Das Knie war einverstanden?
Ja, das war es. Und inzwischen ist alles wieder gut.

Im Februar 2023 hast du alleine die 12 Gipfel der Geislerspitzen überschritten. Zuletzt warst du am Meru in Indien. Was sind die nächsten Projekte?
Ich spreche ungern über Pläne. Lieber erzähle ich die Geschichten danach. Was ich sagen kann, ist: Wenn ich mal 60 oder 70 bin, dann möchte ich durch ein prall gefülltes Abenteuer- und Erlebnisbuch blättern. Das wird mir mehr Spaß machen, als in ein Kontobuch zu gucken. 

Vor fünf Jahren warst du mit ­Thomas Huber in Pakistan, um die ­Nordseite des Latok 1 zu begehen. Ihr habt ­wegen Lawinengefahr abgebrochen. Wie schwer ist es, so eine Entscheidung zu treffen?
Einerseits schwer, weil man einen Traum nicht verwirklichen kann. Andererseits leicht, weil es einfach zu gefährlich gewesen wäre. Und der Traum lebt ja weiter.

Wird’s ein Wiedersehen mit dem Latok geben?
Na ja, jetzt muss ich ja doch über Pläne reden. Ich würde mal so viel dazu sagen, dass ich mit dem ­Thomas demnächst mal ein Bier trinken gehen muss.

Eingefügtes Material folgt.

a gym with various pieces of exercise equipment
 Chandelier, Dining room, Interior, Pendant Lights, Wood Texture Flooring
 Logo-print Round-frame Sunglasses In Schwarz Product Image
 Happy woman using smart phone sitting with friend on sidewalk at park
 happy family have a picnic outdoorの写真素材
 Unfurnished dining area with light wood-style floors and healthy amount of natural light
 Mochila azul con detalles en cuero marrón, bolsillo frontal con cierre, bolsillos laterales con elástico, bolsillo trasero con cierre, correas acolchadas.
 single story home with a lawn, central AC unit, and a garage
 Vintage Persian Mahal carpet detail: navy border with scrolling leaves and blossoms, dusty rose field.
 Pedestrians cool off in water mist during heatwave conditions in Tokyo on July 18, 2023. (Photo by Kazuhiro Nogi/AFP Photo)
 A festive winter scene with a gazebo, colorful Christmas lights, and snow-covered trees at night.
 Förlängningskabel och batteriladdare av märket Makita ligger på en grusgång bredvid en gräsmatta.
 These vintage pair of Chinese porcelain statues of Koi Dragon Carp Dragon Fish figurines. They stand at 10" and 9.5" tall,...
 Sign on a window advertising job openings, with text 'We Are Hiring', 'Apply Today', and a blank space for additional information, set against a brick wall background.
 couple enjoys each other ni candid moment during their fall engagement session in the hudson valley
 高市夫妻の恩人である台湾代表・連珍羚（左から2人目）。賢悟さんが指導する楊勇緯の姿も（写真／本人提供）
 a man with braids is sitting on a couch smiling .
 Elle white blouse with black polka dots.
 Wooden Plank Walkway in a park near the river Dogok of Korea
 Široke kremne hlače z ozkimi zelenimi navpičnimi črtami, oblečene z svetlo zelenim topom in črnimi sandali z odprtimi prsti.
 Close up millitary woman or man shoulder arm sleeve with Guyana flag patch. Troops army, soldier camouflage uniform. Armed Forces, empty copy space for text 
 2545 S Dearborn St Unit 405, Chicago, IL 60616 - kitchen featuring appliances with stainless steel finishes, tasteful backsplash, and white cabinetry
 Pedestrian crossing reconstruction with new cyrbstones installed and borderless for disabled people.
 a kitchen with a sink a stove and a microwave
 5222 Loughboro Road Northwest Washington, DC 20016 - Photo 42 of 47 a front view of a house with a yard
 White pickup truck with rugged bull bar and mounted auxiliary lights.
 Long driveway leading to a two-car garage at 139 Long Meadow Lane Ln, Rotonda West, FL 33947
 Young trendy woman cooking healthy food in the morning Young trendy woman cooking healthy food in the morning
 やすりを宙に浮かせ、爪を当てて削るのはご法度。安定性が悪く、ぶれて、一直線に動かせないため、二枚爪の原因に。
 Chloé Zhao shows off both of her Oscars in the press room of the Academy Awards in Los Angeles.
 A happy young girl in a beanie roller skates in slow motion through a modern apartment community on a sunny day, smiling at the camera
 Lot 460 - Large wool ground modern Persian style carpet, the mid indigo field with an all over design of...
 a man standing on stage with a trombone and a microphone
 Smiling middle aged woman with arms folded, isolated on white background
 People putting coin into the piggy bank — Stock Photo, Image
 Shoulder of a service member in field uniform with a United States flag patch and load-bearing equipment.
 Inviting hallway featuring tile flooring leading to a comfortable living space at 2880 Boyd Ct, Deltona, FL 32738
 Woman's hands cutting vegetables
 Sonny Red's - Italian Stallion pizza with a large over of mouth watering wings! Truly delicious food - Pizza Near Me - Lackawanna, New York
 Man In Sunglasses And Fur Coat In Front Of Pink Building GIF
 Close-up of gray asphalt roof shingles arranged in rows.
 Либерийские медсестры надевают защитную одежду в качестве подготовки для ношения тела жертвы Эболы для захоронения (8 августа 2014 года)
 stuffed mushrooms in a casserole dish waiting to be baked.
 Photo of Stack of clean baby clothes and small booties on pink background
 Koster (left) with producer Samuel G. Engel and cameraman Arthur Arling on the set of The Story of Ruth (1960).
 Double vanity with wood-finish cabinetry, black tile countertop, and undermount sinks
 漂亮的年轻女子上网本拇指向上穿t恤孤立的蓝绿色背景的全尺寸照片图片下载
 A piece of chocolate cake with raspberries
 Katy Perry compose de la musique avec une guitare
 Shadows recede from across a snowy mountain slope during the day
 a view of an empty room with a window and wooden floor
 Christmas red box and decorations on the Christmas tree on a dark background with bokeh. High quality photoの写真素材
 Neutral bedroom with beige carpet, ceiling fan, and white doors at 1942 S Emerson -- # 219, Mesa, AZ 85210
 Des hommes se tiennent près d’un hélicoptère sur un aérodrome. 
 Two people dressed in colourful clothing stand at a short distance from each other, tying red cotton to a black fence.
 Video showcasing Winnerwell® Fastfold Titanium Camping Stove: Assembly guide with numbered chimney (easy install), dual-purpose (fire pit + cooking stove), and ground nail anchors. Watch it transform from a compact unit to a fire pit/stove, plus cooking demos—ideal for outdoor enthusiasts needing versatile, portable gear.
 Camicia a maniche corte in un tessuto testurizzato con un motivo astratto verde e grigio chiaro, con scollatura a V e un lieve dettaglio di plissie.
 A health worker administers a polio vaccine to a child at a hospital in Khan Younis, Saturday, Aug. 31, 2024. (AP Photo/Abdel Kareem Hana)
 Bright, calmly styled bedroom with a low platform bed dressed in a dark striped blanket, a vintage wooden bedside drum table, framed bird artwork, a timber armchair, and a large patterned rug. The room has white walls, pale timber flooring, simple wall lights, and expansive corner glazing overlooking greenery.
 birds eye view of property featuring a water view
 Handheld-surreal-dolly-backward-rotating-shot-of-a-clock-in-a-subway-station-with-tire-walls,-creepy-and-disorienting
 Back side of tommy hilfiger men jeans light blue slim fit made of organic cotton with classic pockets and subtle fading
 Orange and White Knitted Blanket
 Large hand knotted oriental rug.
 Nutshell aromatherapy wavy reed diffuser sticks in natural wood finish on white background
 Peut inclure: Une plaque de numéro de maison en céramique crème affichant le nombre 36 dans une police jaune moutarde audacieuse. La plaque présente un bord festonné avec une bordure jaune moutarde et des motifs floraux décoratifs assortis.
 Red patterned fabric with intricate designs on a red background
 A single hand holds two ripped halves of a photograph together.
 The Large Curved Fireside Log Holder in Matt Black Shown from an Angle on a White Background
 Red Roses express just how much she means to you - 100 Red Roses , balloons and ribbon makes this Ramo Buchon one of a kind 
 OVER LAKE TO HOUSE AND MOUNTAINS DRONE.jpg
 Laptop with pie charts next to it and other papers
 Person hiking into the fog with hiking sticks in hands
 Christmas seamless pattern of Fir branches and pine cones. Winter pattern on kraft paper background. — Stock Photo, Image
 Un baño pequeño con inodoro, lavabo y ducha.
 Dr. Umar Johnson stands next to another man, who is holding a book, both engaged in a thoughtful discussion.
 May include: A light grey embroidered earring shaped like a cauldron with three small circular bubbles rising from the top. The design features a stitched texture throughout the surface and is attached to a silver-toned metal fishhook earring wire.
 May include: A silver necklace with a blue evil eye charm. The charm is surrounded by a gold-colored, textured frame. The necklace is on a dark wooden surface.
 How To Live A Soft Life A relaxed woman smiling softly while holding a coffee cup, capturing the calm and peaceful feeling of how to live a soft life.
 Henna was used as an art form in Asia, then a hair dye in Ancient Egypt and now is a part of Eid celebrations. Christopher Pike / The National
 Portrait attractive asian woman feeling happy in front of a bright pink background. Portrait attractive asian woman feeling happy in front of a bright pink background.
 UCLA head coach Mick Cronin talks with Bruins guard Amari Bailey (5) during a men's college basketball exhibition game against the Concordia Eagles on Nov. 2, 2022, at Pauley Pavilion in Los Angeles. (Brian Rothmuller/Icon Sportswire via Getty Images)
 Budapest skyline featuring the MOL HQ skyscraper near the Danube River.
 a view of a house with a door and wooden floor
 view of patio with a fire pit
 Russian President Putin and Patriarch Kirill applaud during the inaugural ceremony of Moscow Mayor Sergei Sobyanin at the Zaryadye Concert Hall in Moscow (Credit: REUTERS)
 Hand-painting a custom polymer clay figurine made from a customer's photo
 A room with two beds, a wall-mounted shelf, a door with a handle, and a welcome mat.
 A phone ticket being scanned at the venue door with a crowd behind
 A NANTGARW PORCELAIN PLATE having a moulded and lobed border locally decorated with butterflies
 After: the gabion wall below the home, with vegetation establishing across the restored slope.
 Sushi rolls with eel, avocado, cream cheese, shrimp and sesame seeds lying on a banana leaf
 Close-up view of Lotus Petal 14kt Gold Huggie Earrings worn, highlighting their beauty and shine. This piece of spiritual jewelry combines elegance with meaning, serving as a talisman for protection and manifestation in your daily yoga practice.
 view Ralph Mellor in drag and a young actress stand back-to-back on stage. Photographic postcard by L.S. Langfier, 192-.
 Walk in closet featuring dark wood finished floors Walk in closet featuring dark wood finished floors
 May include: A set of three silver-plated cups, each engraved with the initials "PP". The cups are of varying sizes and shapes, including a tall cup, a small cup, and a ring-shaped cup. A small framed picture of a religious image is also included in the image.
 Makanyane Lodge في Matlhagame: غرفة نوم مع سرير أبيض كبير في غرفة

Und wenn’s am Ende wieder losgeht, was ist schöner: aufzubrechen oder zurückzukommen?
Das eine braucht das andere. 
 

Simon Gietl
Simon Gietl

wurde 1984 geboren. Er hat bereits zahlreiche Begehungen in der ganzen Welt realisiert. Zuletzt gelangen ihm zwei viel beachtete Solo-Winterüberschreitungen – von allen Hauptgipfeln der Rosengarten-Gruppe (2022) sowie allen 12 Geislerspitzen (2023). Simon ist verheiratet, hat zwei Söhne und arbeitet in seiner Heimat Südtirol als Bergführer.